If Ikea’s prophecies hold true, the future of living in cities involves squeezing into tiny apartments, devouring vat-grown meatballs, and growing our own produce. (More likely than not, our future involves hacking Ikea’s vision into something of our own construction.) Ikea also has a vision of how we’ll get around: on Scandi-style cargo bikes.
At long last, the much-anticipated Ikea bike has arrived in the Swedish brand’s American brick-and-mortar and online stores. This isn’t your average cruiser or fixie. A typical road bike is like a coupe, speedy and gets you around. This is like an SUV, equipped for transporting lots of stuff. It’s a robust system with a fleet of accessories–bags, racks, a trailer, a pump, a helmet, a lock–tailor-made to take the place of cars for urban dwellers. Ikea poses a compelling argument for Sladda, which is on sale now at $399 and regularly priced at $499:
With more and more people living in urban places, there’s an increased need for easy and flexible transportation. Having a car in a city is often not a practical solution. The Sladda bicycle, trailer, and accessories make it possible to move heavy things across the city, for a truly sustainable and healthy way of life . . . you have a solution that replaces the car.
Sladda is designed to take the hard knocks that come with an urban context. The lightweight aluminum frame is designed to make it easy to carry up and down stairs. It’s coated with two coats of lacquer to resist rust and corrosion from road salt, and fitted with fenders to keep water and mud from splashing off the tires and onto riders. A snap-on front rack makes the bike easy for you to adapt for day-to-day demands. A trailer attachment also adds extra carrying capacity. Ikea also designed a bike bag that can be worn as a backpack. The design is unisex and meant to be ridden by people of all ages.
Cargo bikes are fairly common for Scandinavians, but more of an aberration for Americans–and the price of what’s on the market reflects that. They can cost well over $1,000 and are tough to find in U.S. bike shops. That Ikea is selling these bikes en masse and at a reasonable price means that one day the Sladda might be as ubiquitous as the Billy bookcase–if the concept catches on.

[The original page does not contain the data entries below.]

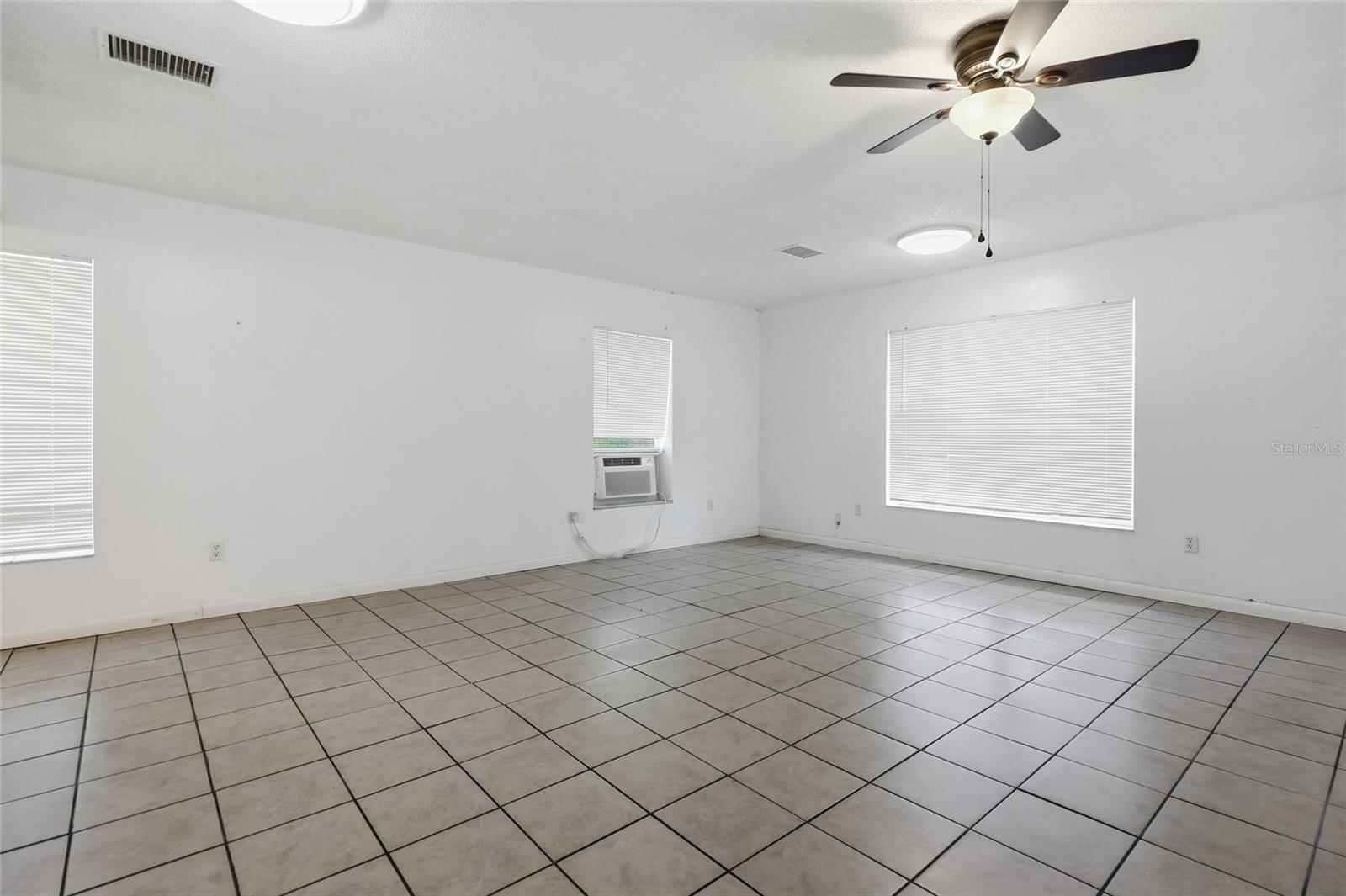 401 SE FALCON RD, BRANFORD, FL, 32008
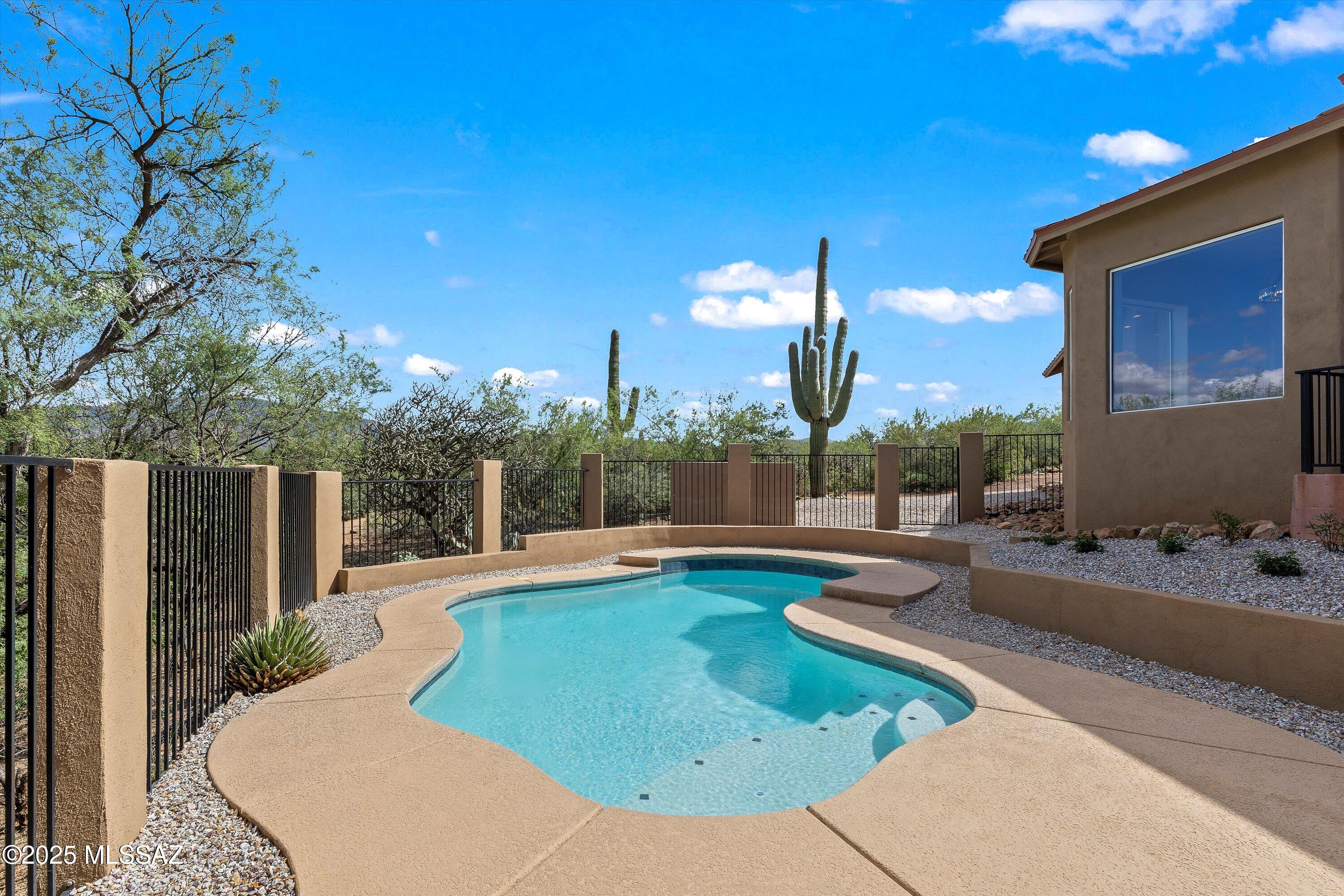 Coyote Creek (1-395) - Residential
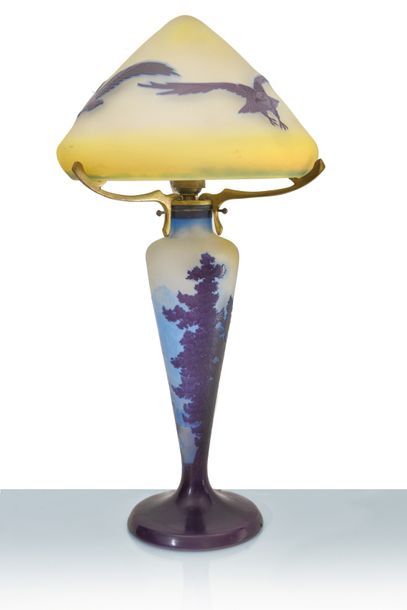 null Gallé Lampe de table en verre gravé à l’acide dans les tons de bleu marine sur...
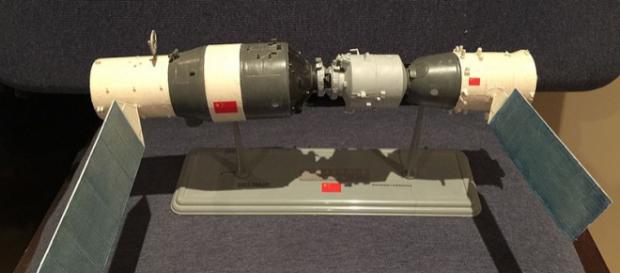 Model of the Chinese Tiangong Shenzhou space station combination (Image credit –Leebrandoncremer, Wikimedia Commons) Model of the Chinese Tiangong Shenzhou space station combination (Image credit –Leebrandoncremer, Wikimedia Commons)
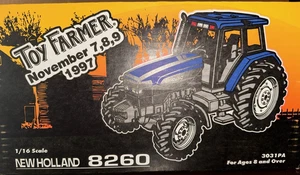 Ertl New Holland 8260 Tractor Toy Farmer 1997 #3031PA 1/16 Collector Edition 12* - Picture 1 of 1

Urban bike-share programs have helped more riders get comfortable commuting on two wheels, but safety remains a concern. Schlepping groceries with a nearly three-foot-wide and five-foot-long trailer is another. Scandinavia is blessed with established bicycle infrastructure–like wide, well-marked lanes–that makes towing a trailer relatively easy. American cities, for the most part, are still a work in progress, and it might make people more wary about using their bikes to transport cargo. (The Sladda has exactly the same dimensions in the United States and abroad.) We’re still struggling with adequate sidewalks, even. In 2016, New York City saw more cyclist fatalities than in 2015. If streets aren’t safe enough for regular bikes, can they handle cargo bikes? On the flipside, consumers might be able to tip street design in their favor if more cargo bikers take to our roadways and demand change. If there’s a company with the scale and distribution needed to impact alternative modes of transportation, it’s Ikea.